[Brief descriptive captions]
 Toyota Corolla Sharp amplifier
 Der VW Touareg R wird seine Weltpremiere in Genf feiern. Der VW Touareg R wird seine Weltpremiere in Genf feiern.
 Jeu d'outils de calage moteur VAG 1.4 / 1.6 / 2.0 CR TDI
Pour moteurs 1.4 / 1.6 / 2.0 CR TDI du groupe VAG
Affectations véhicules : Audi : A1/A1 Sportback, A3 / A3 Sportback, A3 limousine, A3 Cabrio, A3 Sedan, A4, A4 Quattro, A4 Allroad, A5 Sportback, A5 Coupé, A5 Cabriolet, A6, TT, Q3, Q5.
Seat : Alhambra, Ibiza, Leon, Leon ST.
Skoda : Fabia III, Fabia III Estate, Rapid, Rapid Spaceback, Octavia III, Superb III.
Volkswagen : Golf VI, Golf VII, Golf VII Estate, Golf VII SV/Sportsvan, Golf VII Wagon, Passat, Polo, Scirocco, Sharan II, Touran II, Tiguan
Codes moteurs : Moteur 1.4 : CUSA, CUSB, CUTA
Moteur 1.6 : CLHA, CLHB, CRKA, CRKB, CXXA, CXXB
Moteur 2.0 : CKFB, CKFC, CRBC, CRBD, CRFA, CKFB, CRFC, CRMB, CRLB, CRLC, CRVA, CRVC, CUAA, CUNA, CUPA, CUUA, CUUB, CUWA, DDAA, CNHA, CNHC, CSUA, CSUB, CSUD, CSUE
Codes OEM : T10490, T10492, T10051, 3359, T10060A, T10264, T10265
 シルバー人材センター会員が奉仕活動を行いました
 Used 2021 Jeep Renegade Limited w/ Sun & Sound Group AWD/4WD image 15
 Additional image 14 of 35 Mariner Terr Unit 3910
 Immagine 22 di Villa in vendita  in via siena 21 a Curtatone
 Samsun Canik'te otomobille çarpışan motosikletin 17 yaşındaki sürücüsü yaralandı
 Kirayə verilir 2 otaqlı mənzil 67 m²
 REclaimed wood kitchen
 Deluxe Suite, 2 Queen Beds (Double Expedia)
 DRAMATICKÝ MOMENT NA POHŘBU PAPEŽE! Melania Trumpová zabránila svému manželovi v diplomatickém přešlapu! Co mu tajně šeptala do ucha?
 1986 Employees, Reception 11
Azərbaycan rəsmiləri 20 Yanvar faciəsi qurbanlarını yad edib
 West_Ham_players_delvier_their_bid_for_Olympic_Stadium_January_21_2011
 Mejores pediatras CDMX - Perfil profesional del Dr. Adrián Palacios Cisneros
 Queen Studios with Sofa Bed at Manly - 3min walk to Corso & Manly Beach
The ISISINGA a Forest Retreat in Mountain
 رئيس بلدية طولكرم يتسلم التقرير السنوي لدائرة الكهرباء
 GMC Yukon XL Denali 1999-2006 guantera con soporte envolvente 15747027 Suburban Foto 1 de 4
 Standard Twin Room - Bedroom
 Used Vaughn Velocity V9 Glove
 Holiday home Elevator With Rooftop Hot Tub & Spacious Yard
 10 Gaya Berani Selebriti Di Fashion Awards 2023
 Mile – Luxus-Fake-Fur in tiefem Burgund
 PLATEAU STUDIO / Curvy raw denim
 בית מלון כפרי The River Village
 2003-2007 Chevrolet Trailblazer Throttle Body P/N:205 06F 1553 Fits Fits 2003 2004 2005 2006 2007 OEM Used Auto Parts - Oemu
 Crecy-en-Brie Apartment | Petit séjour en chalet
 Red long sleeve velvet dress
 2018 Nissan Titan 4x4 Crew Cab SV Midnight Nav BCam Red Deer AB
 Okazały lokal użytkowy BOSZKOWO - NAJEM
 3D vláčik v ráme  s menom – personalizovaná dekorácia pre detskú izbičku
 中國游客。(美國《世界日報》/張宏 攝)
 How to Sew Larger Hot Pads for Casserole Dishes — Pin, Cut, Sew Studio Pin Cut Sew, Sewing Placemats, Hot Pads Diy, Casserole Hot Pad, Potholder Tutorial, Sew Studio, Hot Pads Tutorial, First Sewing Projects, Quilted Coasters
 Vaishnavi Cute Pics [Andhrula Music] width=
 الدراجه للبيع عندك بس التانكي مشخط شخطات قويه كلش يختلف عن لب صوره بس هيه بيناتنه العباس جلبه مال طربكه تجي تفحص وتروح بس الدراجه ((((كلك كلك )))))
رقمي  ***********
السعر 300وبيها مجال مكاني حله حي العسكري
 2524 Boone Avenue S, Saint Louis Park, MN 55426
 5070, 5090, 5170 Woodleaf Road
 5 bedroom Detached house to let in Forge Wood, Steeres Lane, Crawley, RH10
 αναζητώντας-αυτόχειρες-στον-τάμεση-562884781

Problem requirements. Copy all of the entries above exactly as shown.

Output of the task.
 Toyota Corolla Sharp amplifier
 Der VW Touareg R wird seine Weltpremiere in Genf feiern. Der VW Touareg R wird seine Weltpremiere in Genf feiern.
 Jeu d'outils de calage moteur VAG 1.4 / 1.6 / 2.0 CR TDI
Pour moteurs 1.4 / 1.6 / 2.0 CR TDI du groupe VAG
Affectations véhicules : Audi : A1/A1 Sportback, A3 / A3 Sportback, A3 limousine, A3 Cabrio, A3 Sedan, A4, A4 Quattro, A4 Allroad, A5 Sportback, A5 Coupé, A5 Cabriolet, A6, TT, Q3, Q5.
Seat : Alhambra, Ibiza, Leon, Leon ST.
Skoda : Fabia III, Fabia III Estate, Rapid, Rapid Spaceback, Octavia III, Superb III.
Volkswagen : Golf VI, Golf VII, Golf VII Estate, Golf VII SV/Sportsvan, Golf VII Wagon, Passat, Polo, Scirocco, Sharan II, Touran II, Tiguan
Codes moteurs : Moteur 1.4 : CUSA, CUSB, CUTA
Moteur 1.6 : CLHA, CLHB, CRKA, CRKB, CXXA, CXXB
Moteur 2.0 : CKFB, CKFC, CRBC, CRBD, CRFA, CKFB, CRFC, CRMB, CRLB, CRLC, CRVA, CRVC, CUAA, CUNA, CUPA, CUUA, CUUB, CUWA, DDAA, CNHA, CNHC, CSUA, CSUB, CSUD, CSUE
Codes OEM : T10490, T10492, T10051, 3359, T10060A, T10264, T10265
 シルバー人材センター会員が奉仕活動を行いました
 Used 2021 Jeep Renegade Limited w/ Sun & Sound Group AWD/4WD image 15
 Additional image 14 of 35 Mariner Terr Unit 3910
 Immagine 22 di Villa in vendita  in via siena 21 a Curtatone
 Samsun Canik'te otomobille çarpışan motosikletin 17 yaşındaki sürücüsü yaralandı
 Kirayə verilir 2 otaqlı mənzil 67 m²
 REclaimed wood kitchen
 Deluxe Suite, 2 Queen Beds (Double Expedia)
 DRAMATICKÝ MOMENT NA POHŘBU PAPEŽE! Melania Trumpová zabránila svému manželovi v diplomatickém přešlapu! Co mu tajně šeptala do ucha?
 1986 Employees, Reception 11
Azərbaycan rəsmiləri 20 Yanvar faciəsi qurbanlarını yad edib
 West_Ham_players_delvier_their_bid_for_Olympic_Stadium_January_21_2011
 Mejores pediatras CDMX - Perfil profesional del Dr. Adrián Palacios Cisneros
 Queen Studios with Sofa Bed at Manly - 3min walk to Corso & Manly Beach
The ISISINGA a Forest Retreat in Mountain
 رئيس بلدية طولكرم يتسلم التقرير السنوي لدائرة الكهرباء
 GMC Yukon XL Denali 1999-2006 guantera con soporte envolvente 15747027 Suburban Foto 1 de 4
 Standard Twin Room - Bedroom
 Used Vaughn Velocity V9 Glove
 Holiday home Elevator With Rooftop Hot Tub & Spacious Yard
 10 Gaya Berani Selebriti Di Fashion Awards 2023
 Mile – Luxus-Fake-Fur in tiefem Burgund
 PLATEAU STUDIO / Curvy raw denim
 בית מלון כפרי The River Village
 2003-2007 Chevrolet Trailblazer Throttle Body P/N:205 06F 1553 Fits Fits 2003 2004 2005 2006 2007 OEM Used Auto Parts - Oemu
 Crecy-en-Brie Apartment | Petit séjour en chalet
 Red long sleeve velvet dress
 2018 Nissan Titan 4x4 Crew Cab SV Midnight Nav BCam Red Deer AB
 Okazały lokal użytkowy BOSZKOWO - NAJEM
 3D vláčik v ráme  s menom – personalizovaná dekorácia pre detskú izbičku
 中國游客。(美國《世界日報》/張宏 攝)
 How to Sew Larger Hot Pads for Casserole Dishes — Pin, Cut, Sew Studio Pin Cut Sew, Sewing Placemats, Hot Pads Diy, Casserole Hot Pad, Potholder Tutorial, Sew Studio, Hot Pads Tutorial, First Sewing Projects, Quilted Coasters
 Vaishnavi Cute Pics [Andhrula Music] width=
 الدراجه للبيع عندك بس التانكي مشخط شخطات قويه كلش يختلف عن لب صوره بس هيه بيناتنه العباس جلبه مال طربكه تجي تفحص وتروح بس الدراجه ((((كلك كلك )))))
رقمي  ***********
السعر 300وبيها مجال مكاني حله حي العسكري
 2524 Boone Avenue S, Saint Louis Park, MN 55426
 5070, 5090, 5170 Woodleaf Road
 5 bedroom Detached house to let in Forge Wood, Steeres Lane, Crawley, RH10
 αναζητώντας-αυτόχειρες-στον-τάμεση-562884781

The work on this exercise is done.